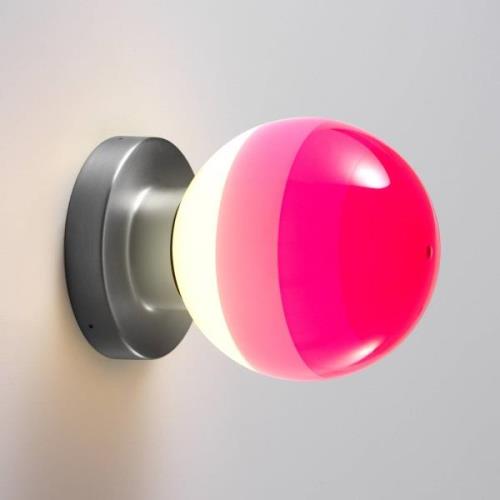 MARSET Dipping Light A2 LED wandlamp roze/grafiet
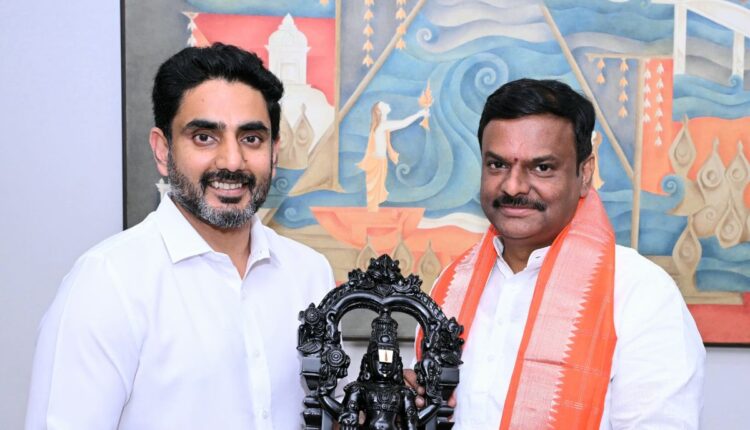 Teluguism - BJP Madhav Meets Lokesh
---
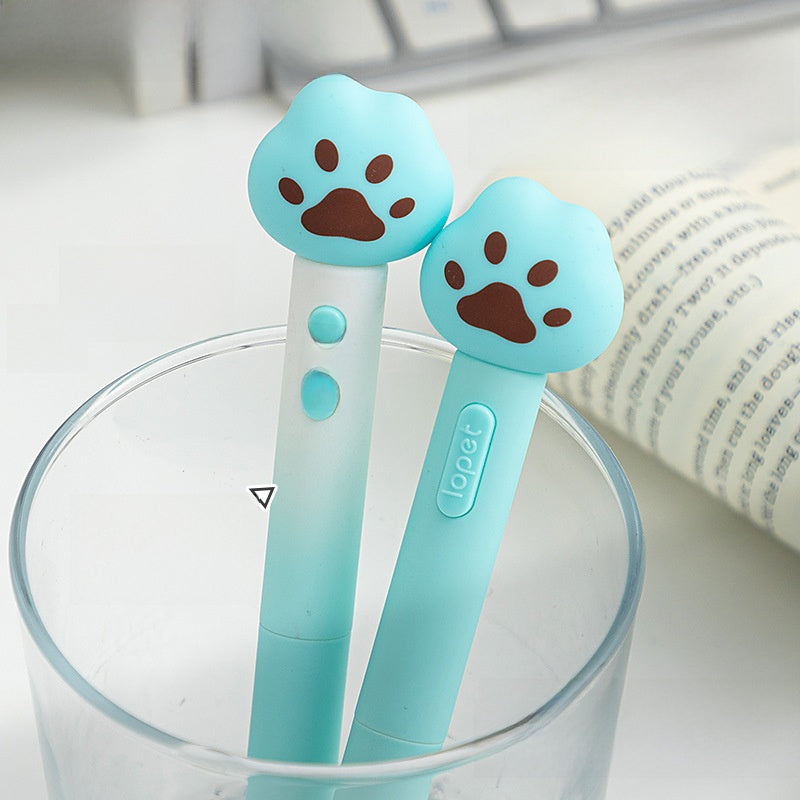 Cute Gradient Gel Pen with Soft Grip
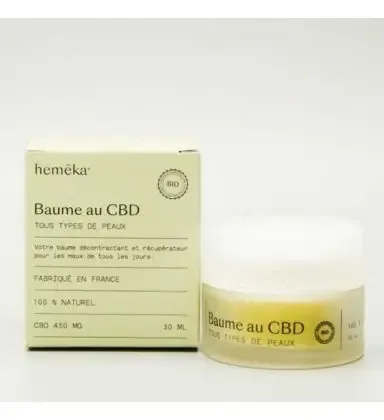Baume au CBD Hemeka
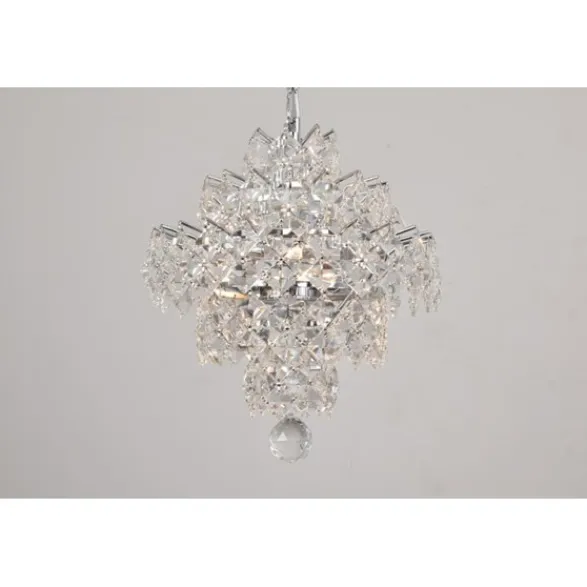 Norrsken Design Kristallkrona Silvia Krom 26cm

> **Exercise instructions**: Within the listing above, copy exactly the lines that start at the one with "MARSET Dipping Light" and continue through the one with "Teluguism - BJP Madhav Meets Lokesh". Omit pictures.

> **Task response**:
 MARSET Dipping Light A2 LED wandlamp roze/grafiet
 Teluguism - BJP Madhav Meets Lokesh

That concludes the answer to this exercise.